━━━ Data extract

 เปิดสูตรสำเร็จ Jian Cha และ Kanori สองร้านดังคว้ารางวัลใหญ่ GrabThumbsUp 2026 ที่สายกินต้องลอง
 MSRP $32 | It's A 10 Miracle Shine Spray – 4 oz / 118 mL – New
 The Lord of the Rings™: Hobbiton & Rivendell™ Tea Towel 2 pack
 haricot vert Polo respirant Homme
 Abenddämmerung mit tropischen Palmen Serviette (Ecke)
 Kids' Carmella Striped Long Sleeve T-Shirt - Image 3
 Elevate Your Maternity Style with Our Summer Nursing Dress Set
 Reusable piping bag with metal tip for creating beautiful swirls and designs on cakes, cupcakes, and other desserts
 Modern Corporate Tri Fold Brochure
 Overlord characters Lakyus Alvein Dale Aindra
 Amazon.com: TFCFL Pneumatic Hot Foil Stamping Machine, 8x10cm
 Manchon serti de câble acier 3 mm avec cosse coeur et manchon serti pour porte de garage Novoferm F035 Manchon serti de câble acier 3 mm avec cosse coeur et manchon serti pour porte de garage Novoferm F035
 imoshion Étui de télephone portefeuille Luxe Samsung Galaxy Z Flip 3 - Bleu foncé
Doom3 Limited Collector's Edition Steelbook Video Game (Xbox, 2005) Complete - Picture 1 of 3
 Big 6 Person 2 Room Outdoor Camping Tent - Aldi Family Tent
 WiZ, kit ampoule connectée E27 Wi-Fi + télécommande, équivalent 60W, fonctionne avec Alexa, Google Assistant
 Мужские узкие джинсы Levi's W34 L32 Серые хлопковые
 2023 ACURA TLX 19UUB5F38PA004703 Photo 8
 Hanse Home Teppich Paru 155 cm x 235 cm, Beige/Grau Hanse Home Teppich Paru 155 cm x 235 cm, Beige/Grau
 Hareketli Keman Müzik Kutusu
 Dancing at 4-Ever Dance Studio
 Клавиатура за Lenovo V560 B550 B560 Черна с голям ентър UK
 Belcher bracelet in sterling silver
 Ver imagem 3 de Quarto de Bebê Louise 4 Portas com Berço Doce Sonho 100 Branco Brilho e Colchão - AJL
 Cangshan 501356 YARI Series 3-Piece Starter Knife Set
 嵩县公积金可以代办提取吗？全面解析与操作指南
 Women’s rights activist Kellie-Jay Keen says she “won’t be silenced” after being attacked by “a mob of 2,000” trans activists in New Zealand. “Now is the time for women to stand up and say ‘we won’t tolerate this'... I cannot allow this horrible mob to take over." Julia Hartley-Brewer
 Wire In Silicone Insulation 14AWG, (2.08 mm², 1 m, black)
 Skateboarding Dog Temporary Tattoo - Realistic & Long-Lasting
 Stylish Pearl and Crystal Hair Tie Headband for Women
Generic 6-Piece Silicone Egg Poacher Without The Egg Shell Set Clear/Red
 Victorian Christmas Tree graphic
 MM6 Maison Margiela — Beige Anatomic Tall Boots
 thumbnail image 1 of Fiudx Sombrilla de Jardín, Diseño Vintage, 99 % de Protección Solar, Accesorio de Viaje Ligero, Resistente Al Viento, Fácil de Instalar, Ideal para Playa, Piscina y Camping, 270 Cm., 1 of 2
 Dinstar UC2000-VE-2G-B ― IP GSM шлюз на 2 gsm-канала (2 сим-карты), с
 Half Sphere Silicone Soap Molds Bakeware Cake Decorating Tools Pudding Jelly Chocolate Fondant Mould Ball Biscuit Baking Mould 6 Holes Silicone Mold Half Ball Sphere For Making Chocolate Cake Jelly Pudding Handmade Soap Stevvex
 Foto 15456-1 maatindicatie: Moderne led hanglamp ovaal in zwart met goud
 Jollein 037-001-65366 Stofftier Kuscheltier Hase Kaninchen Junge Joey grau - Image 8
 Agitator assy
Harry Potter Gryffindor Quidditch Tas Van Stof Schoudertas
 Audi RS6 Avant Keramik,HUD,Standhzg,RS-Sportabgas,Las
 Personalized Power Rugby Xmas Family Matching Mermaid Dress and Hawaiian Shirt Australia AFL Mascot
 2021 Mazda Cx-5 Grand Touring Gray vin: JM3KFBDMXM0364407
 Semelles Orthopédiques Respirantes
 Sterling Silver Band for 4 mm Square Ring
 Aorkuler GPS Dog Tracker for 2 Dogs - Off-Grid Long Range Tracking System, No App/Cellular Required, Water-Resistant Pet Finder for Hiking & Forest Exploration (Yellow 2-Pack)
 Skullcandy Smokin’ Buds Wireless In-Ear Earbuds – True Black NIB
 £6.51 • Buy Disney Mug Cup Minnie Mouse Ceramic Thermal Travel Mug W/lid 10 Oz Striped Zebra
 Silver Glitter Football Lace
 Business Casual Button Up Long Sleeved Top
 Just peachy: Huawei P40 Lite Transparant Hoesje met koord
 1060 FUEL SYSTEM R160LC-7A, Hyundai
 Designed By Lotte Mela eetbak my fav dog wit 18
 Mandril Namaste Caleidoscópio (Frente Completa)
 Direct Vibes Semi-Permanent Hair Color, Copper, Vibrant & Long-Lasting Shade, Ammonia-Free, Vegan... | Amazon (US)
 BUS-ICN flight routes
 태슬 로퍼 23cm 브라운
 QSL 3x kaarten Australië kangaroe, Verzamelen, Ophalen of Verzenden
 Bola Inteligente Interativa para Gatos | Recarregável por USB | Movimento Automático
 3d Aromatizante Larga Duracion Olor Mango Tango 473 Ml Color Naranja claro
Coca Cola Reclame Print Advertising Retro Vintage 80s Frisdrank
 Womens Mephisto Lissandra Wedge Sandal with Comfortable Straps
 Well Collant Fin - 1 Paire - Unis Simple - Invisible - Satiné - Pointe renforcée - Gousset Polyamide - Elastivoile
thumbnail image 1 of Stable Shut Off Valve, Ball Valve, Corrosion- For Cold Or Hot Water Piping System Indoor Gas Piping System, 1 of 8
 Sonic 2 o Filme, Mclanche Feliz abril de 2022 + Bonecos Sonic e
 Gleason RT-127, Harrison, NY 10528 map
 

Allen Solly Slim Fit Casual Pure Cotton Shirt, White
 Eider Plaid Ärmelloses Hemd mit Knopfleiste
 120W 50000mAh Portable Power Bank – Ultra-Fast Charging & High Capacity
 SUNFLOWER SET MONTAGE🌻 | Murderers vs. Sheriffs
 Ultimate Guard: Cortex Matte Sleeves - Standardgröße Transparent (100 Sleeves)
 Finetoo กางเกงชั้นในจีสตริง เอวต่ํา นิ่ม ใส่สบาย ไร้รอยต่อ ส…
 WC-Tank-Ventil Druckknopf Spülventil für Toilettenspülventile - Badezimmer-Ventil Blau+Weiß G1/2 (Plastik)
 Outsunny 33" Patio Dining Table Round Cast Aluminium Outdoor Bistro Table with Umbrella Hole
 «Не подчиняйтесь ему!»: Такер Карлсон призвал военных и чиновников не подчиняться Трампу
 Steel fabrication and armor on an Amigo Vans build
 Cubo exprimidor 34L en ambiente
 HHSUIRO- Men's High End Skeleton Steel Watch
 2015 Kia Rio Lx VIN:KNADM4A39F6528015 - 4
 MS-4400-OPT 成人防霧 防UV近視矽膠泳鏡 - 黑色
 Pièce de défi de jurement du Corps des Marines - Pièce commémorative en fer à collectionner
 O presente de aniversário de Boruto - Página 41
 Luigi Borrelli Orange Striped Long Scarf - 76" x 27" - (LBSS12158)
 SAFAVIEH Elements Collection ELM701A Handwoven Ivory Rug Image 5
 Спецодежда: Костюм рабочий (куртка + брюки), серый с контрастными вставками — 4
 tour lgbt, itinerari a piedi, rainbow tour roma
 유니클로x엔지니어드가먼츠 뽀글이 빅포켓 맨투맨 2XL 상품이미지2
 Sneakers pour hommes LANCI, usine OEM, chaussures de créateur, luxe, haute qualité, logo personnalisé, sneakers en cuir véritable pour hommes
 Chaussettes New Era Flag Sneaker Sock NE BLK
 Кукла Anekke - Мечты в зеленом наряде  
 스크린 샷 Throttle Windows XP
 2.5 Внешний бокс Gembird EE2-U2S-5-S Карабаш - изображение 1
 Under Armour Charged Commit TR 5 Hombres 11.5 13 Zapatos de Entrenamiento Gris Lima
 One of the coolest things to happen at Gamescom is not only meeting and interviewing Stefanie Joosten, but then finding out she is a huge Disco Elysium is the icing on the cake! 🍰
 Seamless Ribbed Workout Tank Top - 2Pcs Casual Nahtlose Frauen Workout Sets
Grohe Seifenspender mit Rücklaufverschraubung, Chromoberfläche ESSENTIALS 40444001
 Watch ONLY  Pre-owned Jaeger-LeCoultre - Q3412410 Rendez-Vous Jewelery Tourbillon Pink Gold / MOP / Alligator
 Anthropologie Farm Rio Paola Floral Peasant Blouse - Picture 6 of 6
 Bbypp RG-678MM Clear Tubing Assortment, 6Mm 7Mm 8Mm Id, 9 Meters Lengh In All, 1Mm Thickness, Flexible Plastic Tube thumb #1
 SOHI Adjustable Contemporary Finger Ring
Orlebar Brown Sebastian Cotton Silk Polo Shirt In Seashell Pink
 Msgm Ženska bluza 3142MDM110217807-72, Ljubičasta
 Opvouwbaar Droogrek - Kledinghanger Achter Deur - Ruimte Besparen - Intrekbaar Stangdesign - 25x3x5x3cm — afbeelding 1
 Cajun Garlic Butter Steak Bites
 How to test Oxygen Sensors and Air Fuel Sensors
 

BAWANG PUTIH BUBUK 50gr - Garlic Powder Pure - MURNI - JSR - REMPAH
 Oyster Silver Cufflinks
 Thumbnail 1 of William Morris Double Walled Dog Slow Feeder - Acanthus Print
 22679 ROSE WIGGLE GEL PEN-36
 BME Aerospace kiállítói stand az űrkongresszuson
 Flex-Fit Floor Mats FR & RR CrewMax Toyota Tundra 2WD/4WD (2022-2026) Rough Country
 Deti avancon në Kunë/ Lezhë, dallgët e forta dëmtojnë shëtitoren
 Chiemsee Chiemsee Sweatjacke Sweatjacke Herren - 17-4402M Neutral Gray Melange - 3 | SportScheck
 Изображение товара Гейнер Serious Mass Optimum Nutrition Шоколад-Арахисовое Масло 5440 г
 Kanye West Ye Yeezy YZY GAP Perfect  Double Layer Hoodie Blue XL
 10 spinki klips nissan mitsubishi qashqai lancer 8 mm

━━━━━━

*Task prompt*. The response must consist solely of the lines from the top of the records through the line holding "Abenddämmerung mit tropischen", copied word for word.

*Solution to the problem*.
 เปิดสูตรสำเร็จ Jian Cha และ Kanori สองร้านดังคว้ารางวัลใหญ่ GrabThumbsUp 2026 ที่สายกินต้องลอง
 MSRP $32 | It's A 10 Miracle Shine Spray – 4 oz / 118 mL – New
 The Lord of the Rings™: Hobbiton & Rivendell™ Tea Towel 2 pack
 haricot vert Polo respirant Homme
 Abenddämmerung mit tropischen Palmen Serviette (Ecke)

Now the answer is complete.